What is The Fool? And why the hell do we devote an entire day to someone who seems... well, so foolish? The origin of this day still remains a mystery. Some scholars believe April Fool's has its roots in ancient Rome. Others decree that it began in the Dark Ages, and some suggest the holiday made its way onto the calendar, by mistake as a prank, but gained appeal. Point being-- there’s a lot for interpretation surrounding this day.
My interpretation includes the iconic Rider-Waite tarot image: the youth on a mountain top; head poised, gazing up into the clouds; his satchel containing a scant supply for the journey; and he saunters gaily... towards the edge of a cliff... completely unaware that nothing in his archaic felicity will grant him permission to suddenly take flight or bounce unharmed from the jagged, earthy, and dismal death below.

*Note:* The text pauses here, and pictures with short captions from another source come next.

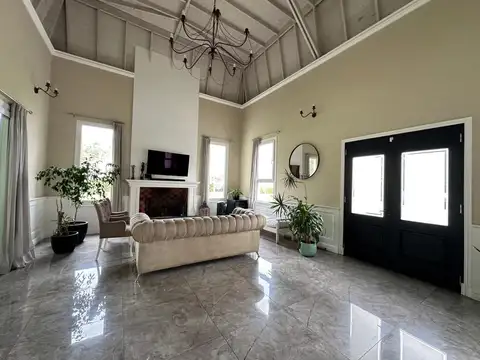 Casa en Alquiler de 3 dormitorios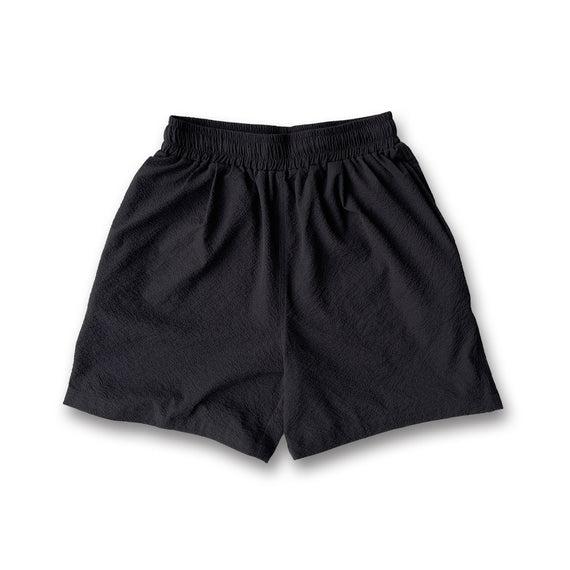 loose silhouette seersucker relax shorts / black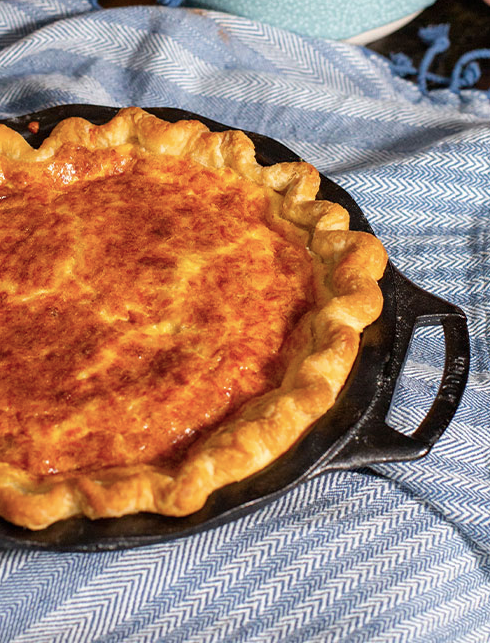 Lodge 9" Seasoned Cast Iron Pie Pan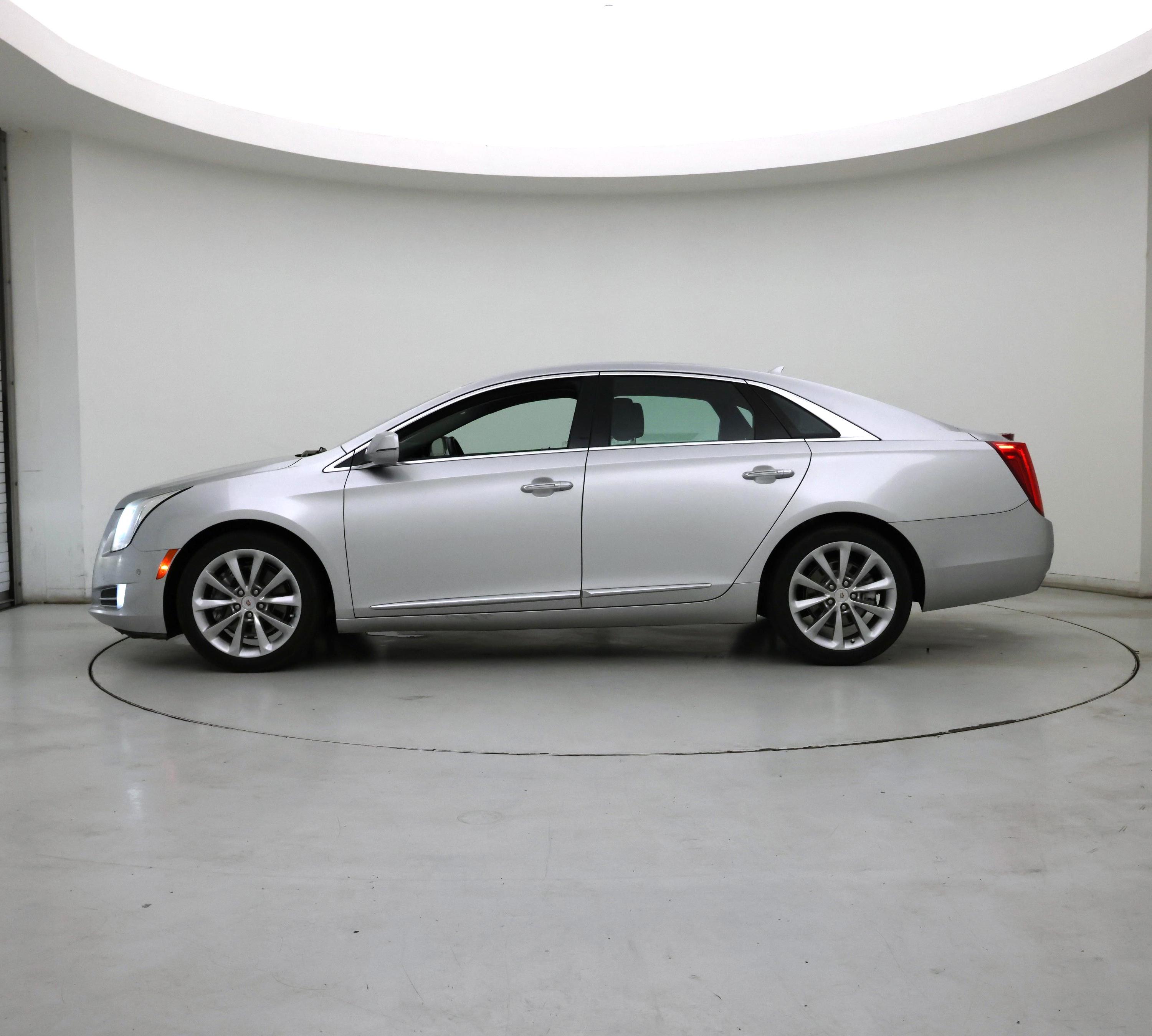 Thumbnail: 2014 Cadillac XTS - 3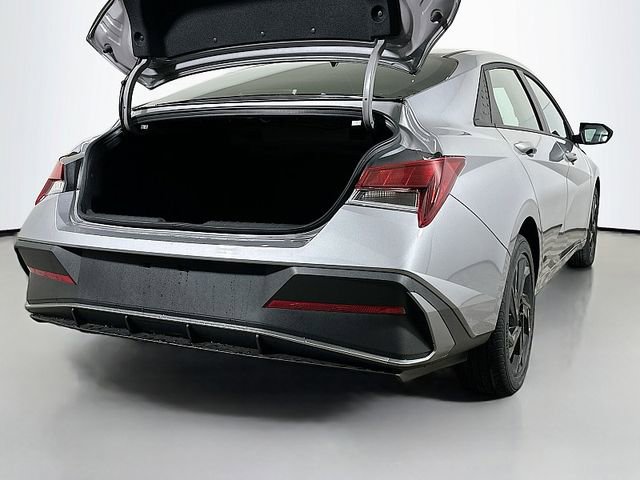 Used 2026 Hyundai Elantra Sport FWD image 16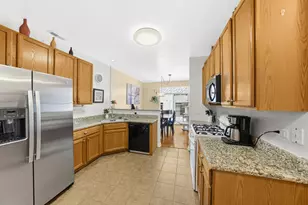 2874 Falling Waters Ln, Lindenhurst, IL 60046 - Photo 8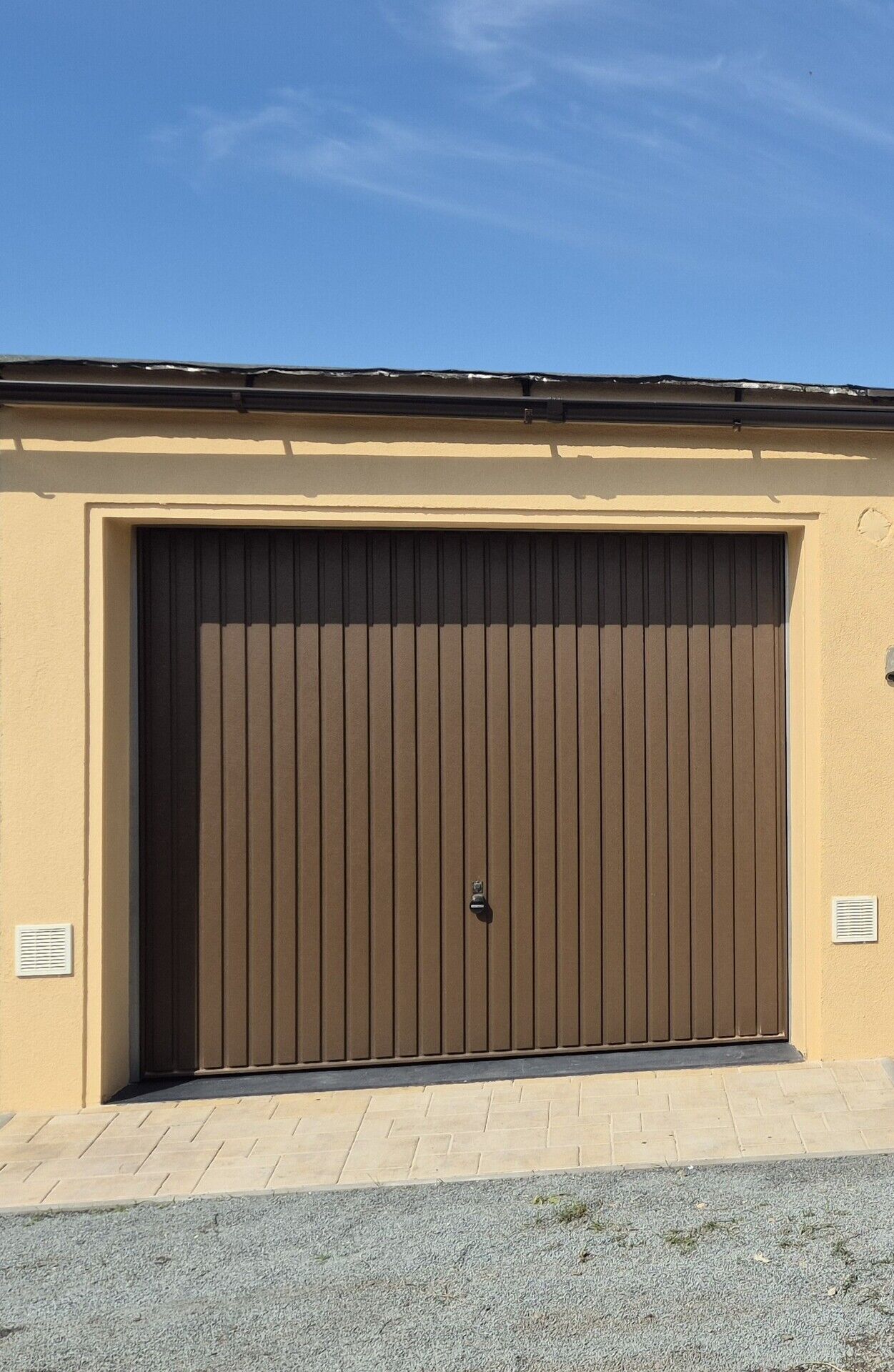 Prodej garáže Kladno - Rozdělov, 19m2, vjezdová vrata s dálkovým ovládáním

But unlike Mr. T, I don’t actually pity dis’ foooo’. In fact, today reminds me of a valuable lesson that only The Fool himself can teach. The lesson is coveted and richly desired, but very few understand it. I believe, it is The Fool who has actually mastered bliss. He doesn’t reprimand himself for his failures and neither does he chide himself for being curious and for making mistakes. His flaws are not concealed, or hidden, and his faults are not segue to shame or shortcoming. Instead, The Fool has accepted, happily, that he is, after all, completely imperfect.
Though perceived as naive, unfocused, and a dreamer; remember, it’s The Fool who mustered enough courage to scale an entire mountain and acted with enough conviction to learn what the world looked like from a different perspective, way up in the clouds, in a place where most of us only dream of going.
Be foolish-- but not the kind that gets you into bar fights.